EphA5 plays a role in spine formation and synaptogenesis. In contrast to these more established roles, EphA5 function in cancer is much less clear. Fu et al. [14] found that the level of EphA5 mRNA was dramatically decreased in 5 breast cancer cell lines. Previously, we detected the EphB6 protein in ovarian serous carcinoma. Decreased expression of EphB6 was found in ovarian serous carcinomas compared with that in normal fallopian tubes. The loss of EphB6 protein was associated with higher tumor grade and TNM stage [16]. In current study, we found that loss of expression of EphA5 was more often found in high-grade and advanced FIGO stage in ovarian serous carcinoma. Women with low-grade serous ovarian carcinoma are younger and have longer survival than women with high-grade tumors. It is crucial to separate women with serous ovarian carcinoma into 2 clinically distinct populations, low-grade and high-grade, as they deserve unique consideration of and treatment for their specific histotypes [1719]. Our findings that EphA5 was absent in high-grade serous ovarian carcinoma indicate that EphA5 may be a new biomarker for distinguishing high- and low-grade ovarian serous carcinoma. The data was consistent with the survival analysis that negative or weak expression of EphA5 protein had a poorer outcome than those with high expression.

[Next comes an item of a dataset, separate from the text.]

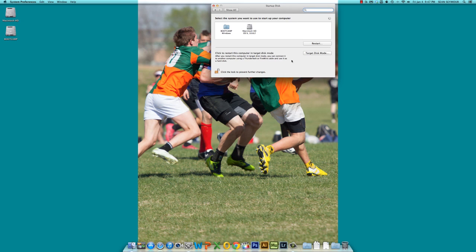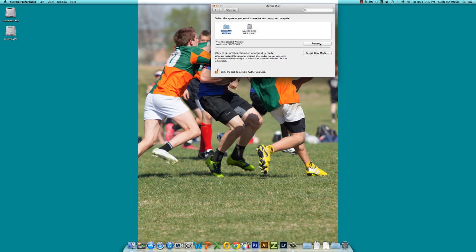and right there, you'll notice that we have boot camp Windows and Macintosh hard drive. You can go ahead and click boot camp Windows, and when I click restart, it will reboot into the Windows side.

DNA methylation at promoter region is a powerful epigenetic modification regulates gene transcription. EphA5 gene silenced by methylation has been demonstrated in breast cancer [14], prostate cancer [20], and colorectal cancer [21], implying that the hypermethylation of EphA5 might be of great importance during tumorigenesis and progression in cancer. Identification of hypermethylated EphA5 DNA in ovarian serous carcinoma will improve our understanding of the mechanisms leading to the downregulation of EphA5 expression in ovarian tumorigenesis and can serve as valuable diagnostic marker. In our next study, we will determine the relationship between expression level and the methylation status of EphA5 in ovarian cancer tissues.

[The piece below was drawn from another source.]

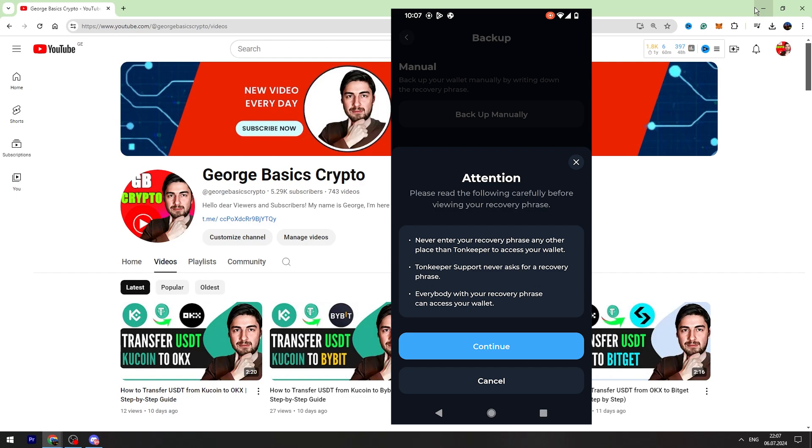For example, never enter your recovery phrase any other place than Tone Keeper to access your wallet. Tone Keeper support never asks for a recovery phrase. Everybody with your recovery phrase can access your wallet. So recovery phrases are very, very important.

It is now widely accepted that low-grade and high-grade serous tumors are essentially distinct diseases. They exhibit distinct genetic alterations, molecular patterns and clinical behavior. Clinically, high-grade serous carcinoma are aggressive neoplasms which frequently affect women in the perimenopausal or postmenopausal age group, while low-grade serous carcinomas are relatively indolent and affect younger women. Low-grade serous carcinomas are more refractory to platinum-based chemotherapy than high-grade serous carcinoma. High-grade and low-grade serous carcinomas are usually easily distinguished, it may be difficult when nuclear features are intermediate between grade 1 and grade 3; and in small tissue samples.

Conclusions

Our results show that EphA5 is a potential biomarker for distinguishing high-and low-grade ovarian serous carcinoma, and a potential prognostic marker in ovarian serous carcinomas.